Registering that Vito had heard that unplanned statement, Ava turned a painful beetroot shade, her discomfiture intense. But she hadn’t wanted her siblings to get any ambitious ideas about where her relationship with Vito might be heading and a dose of plain speaking had seemed the best approach to take. Ava watched as her siblings reacted predictably to Vito’s stunning good looks and white-hot sex appeal. Gina stared at him transfixed while Bella giggled ingratiatingly at almost everything he said. Vito, in comparison, was smooth as silk as he invited her sisters to the Christmas party and asked them about their children. As distanced as though she were on another planet while she had that all-important letter still clutched in her hand, Ava learned that Bella had given birth to a baby boy the previous year, a brother to round out her trio of daughters. Gina, of course, never as child-orientated, still had only one child, a ten-year-old son, and a successful career as a photo-journalist.
Ava was stunne
d to hear Vito invite her sisters and their husbands to attend the private lunch that was always staged for his closest friends before the party kicked off in the afternoon.
‘Why did you do that?’ she demanded accusingly when her siblings had gone.
‘It seemed polite and you do want your sisters back in your life again, don’t you?’ Vito asked levelly.
‘Sort of …’ Too much had happened too fast for Ava to be sure of what she wanted, aside of Vito. He was the one constant she did not need to measure in terms of importance and that hurt as well. How could she have been stupid enough to let her guard down and fall for him again?

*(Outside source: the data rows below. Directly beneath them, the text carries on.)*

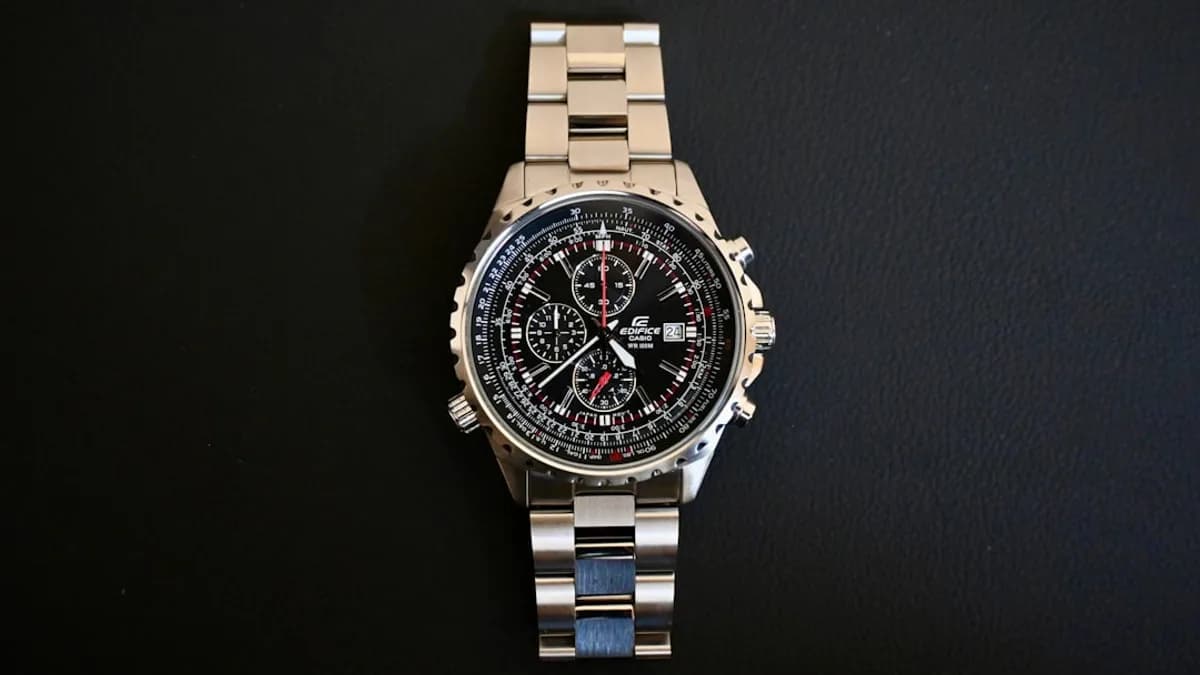 a watch sitting on top of a metal bracelet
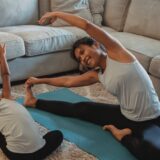cheerful asian mother and daughter stretching body in living room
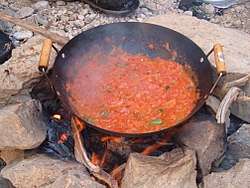 Galayet bandora cooked over a campfire in Wadi Mukheiris, near the Jordanian coast of the Dead Sea.
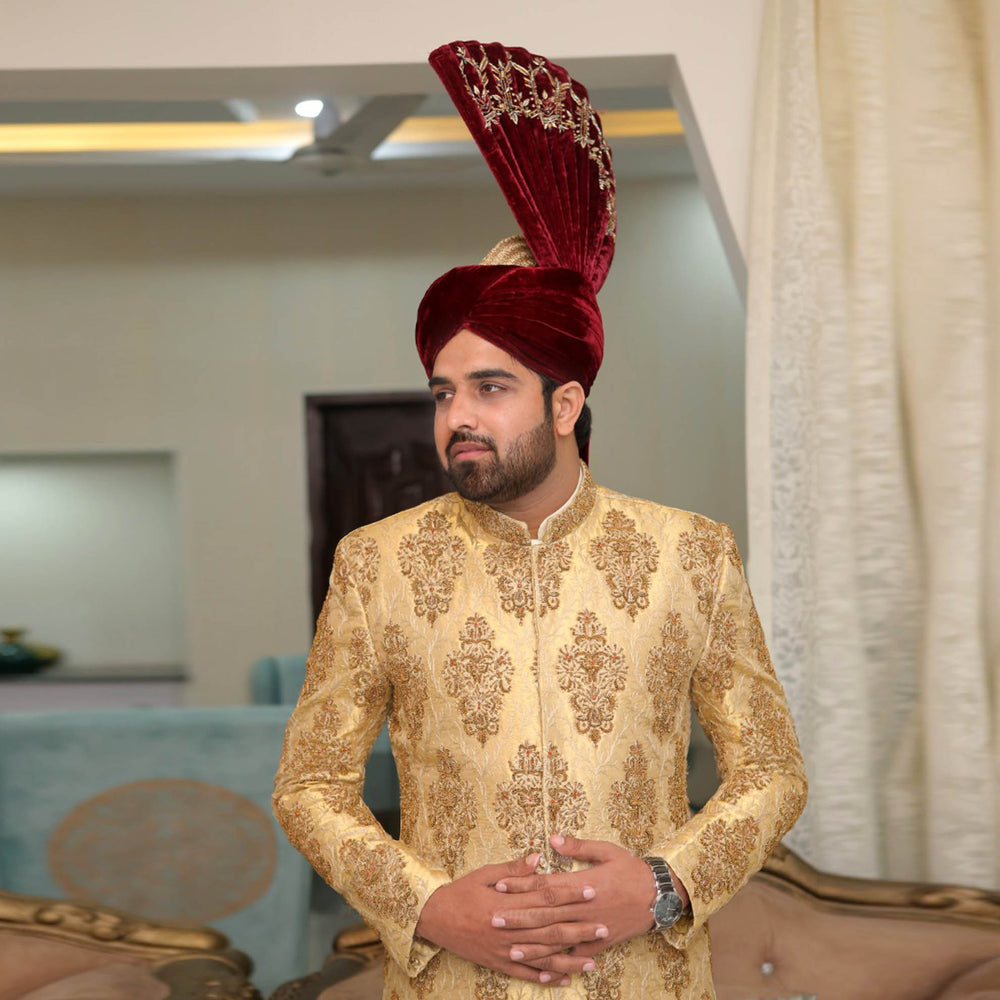 
                  
                    Luxurious Golden Brocade Sherwani with Maroon Velvet Turban
                  
                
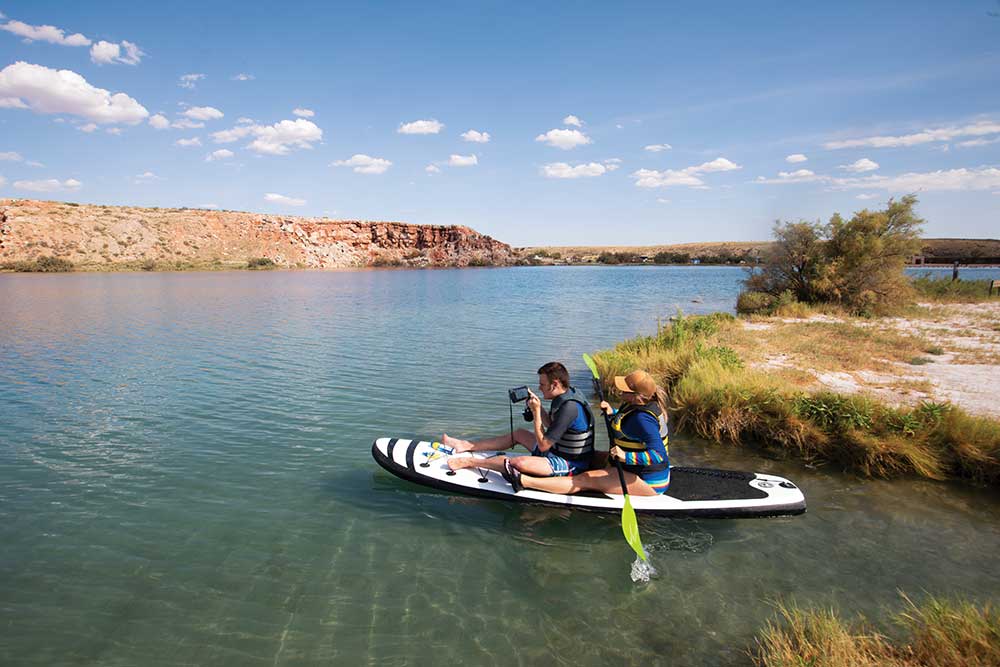 Dionne Fish paddle boards with her son Brody at the Lea Lake area at Bottomless Lake State Park near Roswell.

‘What’s wrong?’ Vito prompted, watching troubled expressions skim across her expressive face like fast-moving clouds.
Ava explained about the letter.
‘Why haven’t you opened it yet?’
‘I’m afraid to,’ she admitted tightly, her blue eyes dark with strain. ‘Bella implied it would be disappointing. It’s one thing to imagine, something else to actually see her words on paper. If it’s unpleasant those words will live with me for ever.’
‘Maybe I should open it for you …’ Vito suggested.
But such a concession to weakness was more than Ava could bear and she slit open the envelope to extract a single piece of lined notepaper adorned with Bella’s copperplate script.